WORK ITEM: For this listing, reproduce the line with "A black-and-white photo", the line with "Oversized Folding High", and the lines between, exactly as they stand. Leave out pictures and all other lines.

RECORDS FOR THE TASK:
::::::::::

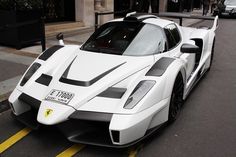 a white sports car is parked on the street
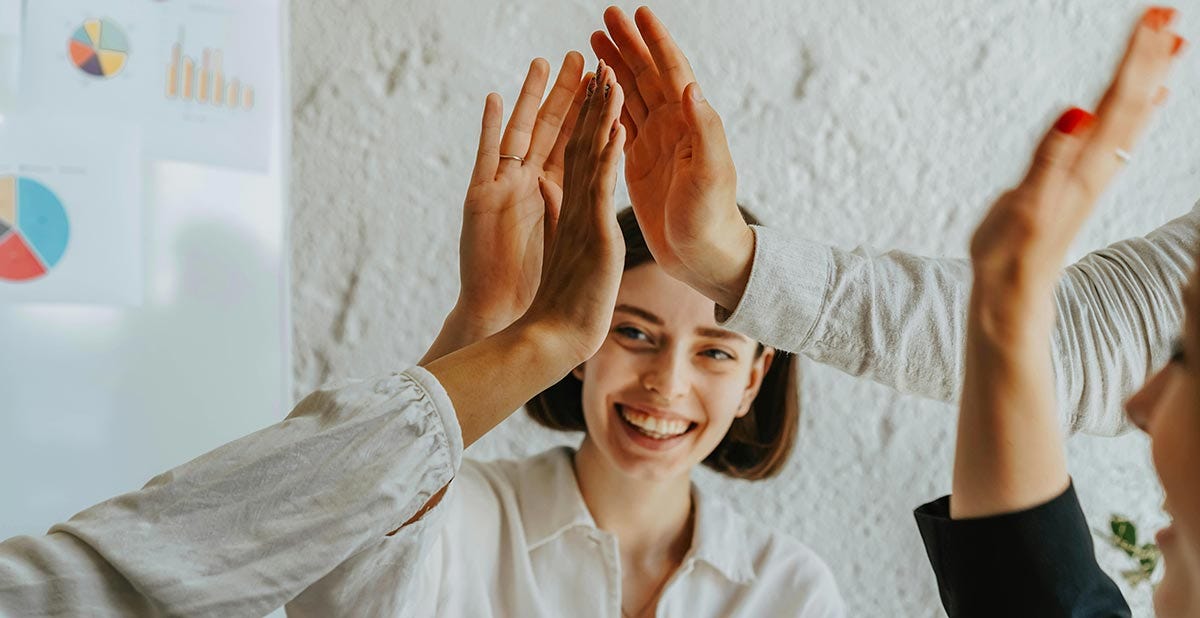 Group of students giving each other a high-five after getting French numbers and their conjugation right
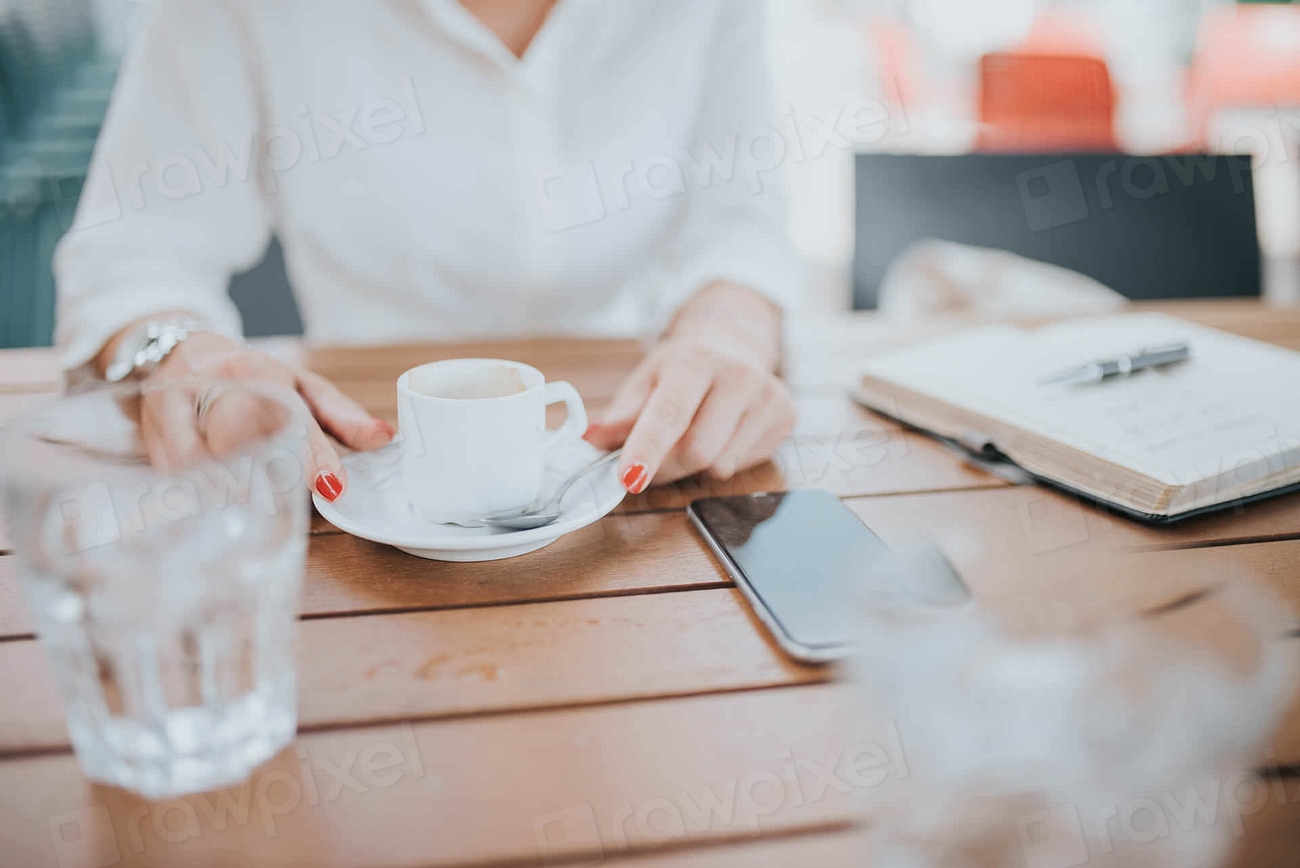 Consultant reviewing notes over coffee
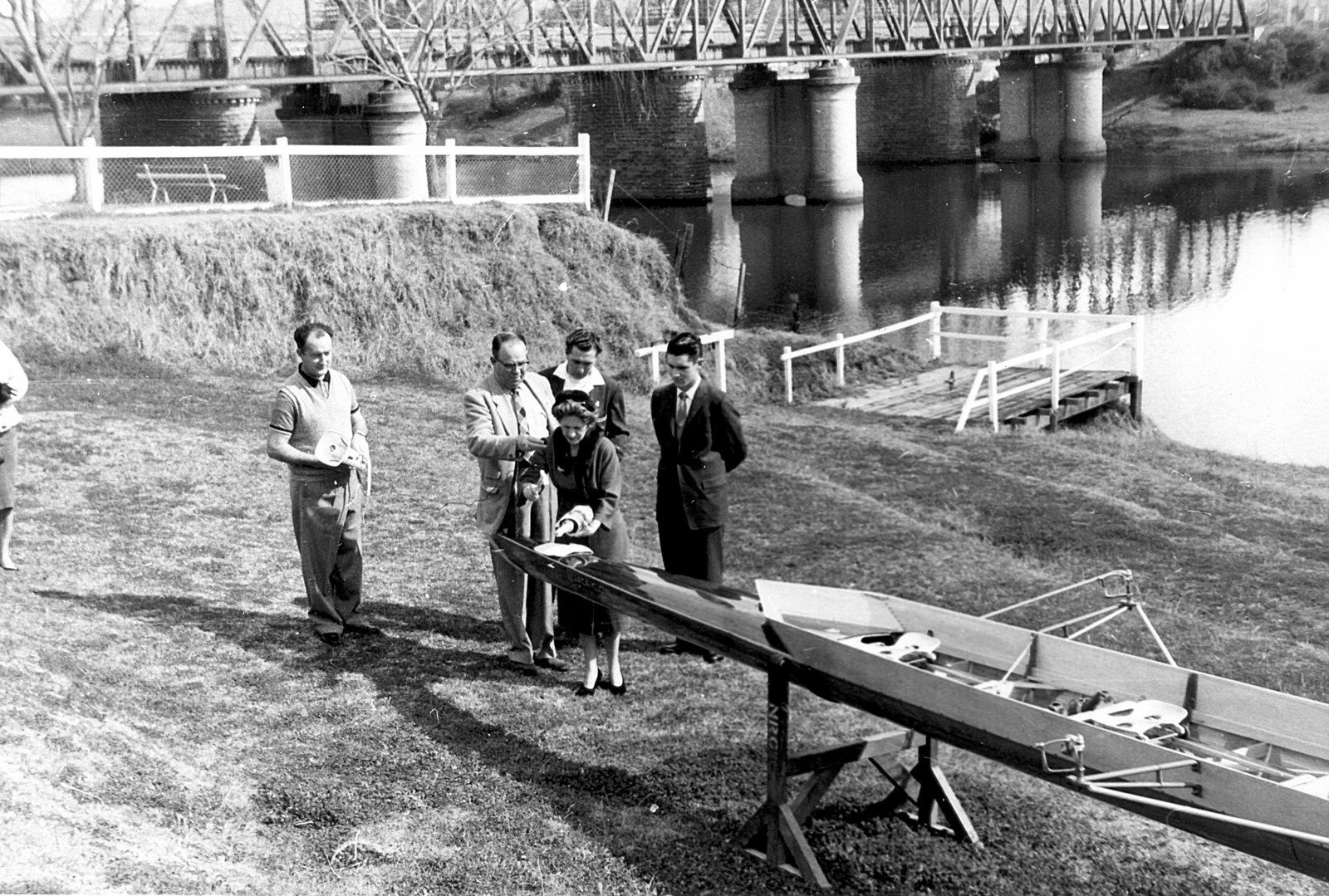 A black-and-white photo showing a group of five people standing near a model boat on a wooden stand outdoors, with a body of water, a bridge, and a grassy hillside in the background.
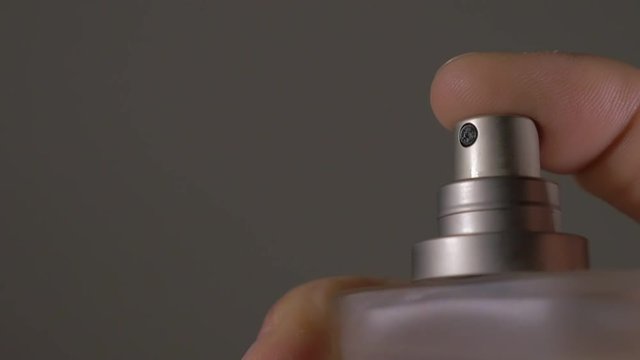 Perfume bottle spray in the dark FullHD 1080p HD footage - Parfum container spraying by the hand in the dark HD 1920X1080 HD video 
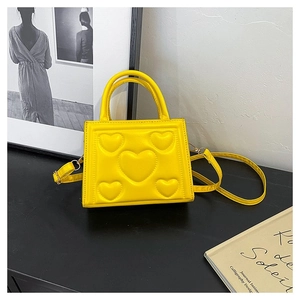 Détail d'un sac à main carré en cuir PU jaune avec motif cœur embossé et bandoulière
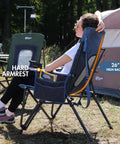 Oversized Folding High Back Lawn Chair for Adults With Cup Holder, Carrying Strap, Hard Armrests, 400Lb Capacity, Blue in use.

::::::::::

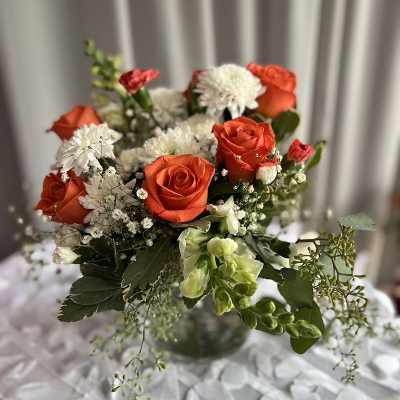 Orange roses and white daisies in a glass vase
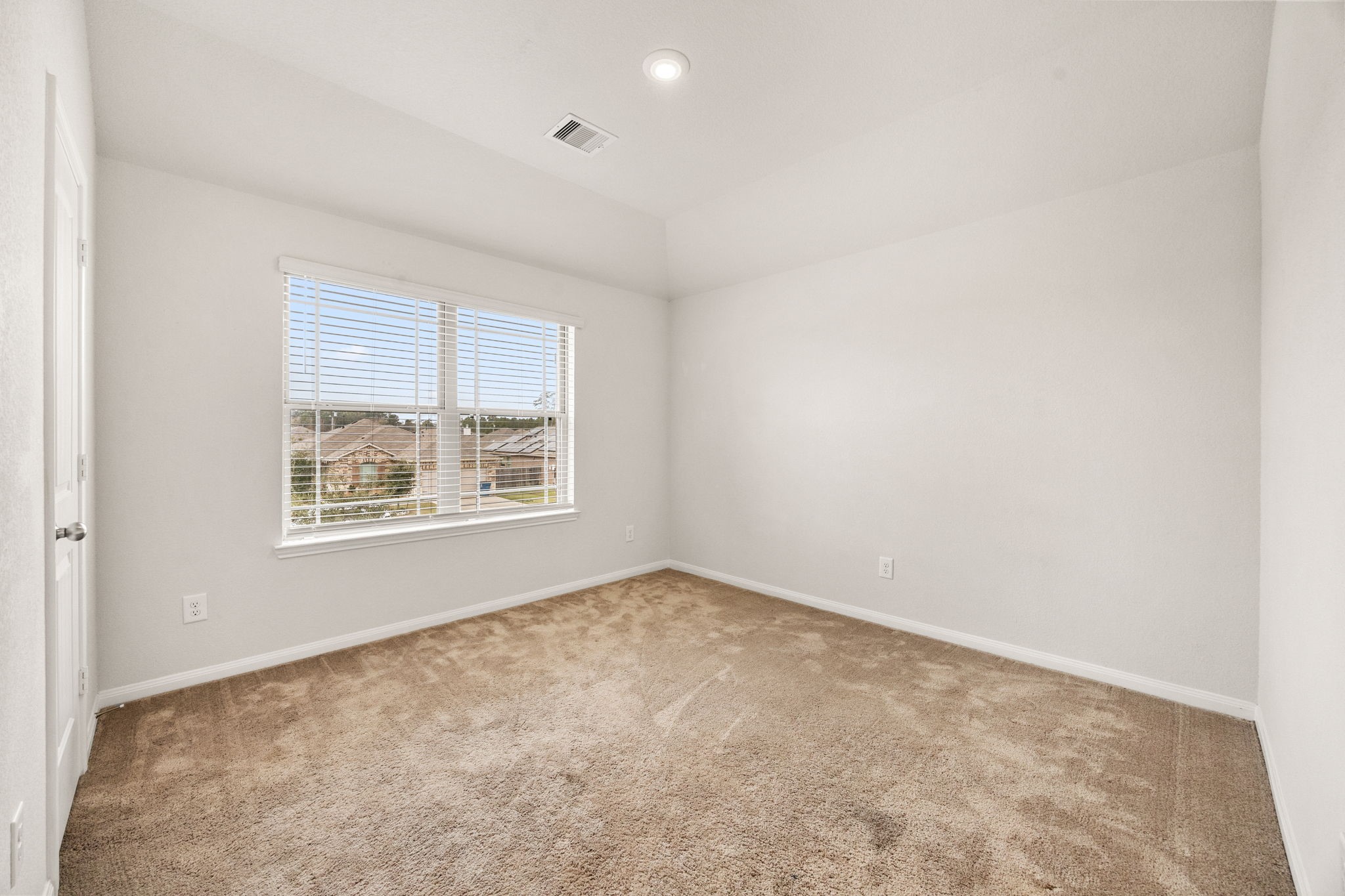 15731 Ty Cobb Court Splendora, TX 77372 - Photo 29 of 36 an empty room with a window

::::::::::

REPLY:
 A black-and-white photo showing a group of five people standing near a model boat on a wooden stand outdoors, with a body of water, a bridge, and a grassy hillside in the background.
 Perfume bottle spray in the dark FullHD 1080p HD footage - Parfum container spraying by the hand in the dark HD 1920X1080 HD video 
 Détail d'un sac à main carré en cuir PU jaune avec motif cœur embossé et bandoulière
 Oversized Folding High Back Lawn Chair for Adults With Cup Holder, Carrying Strap, Hard Armrests, 400Lb Capacity, Blue in use.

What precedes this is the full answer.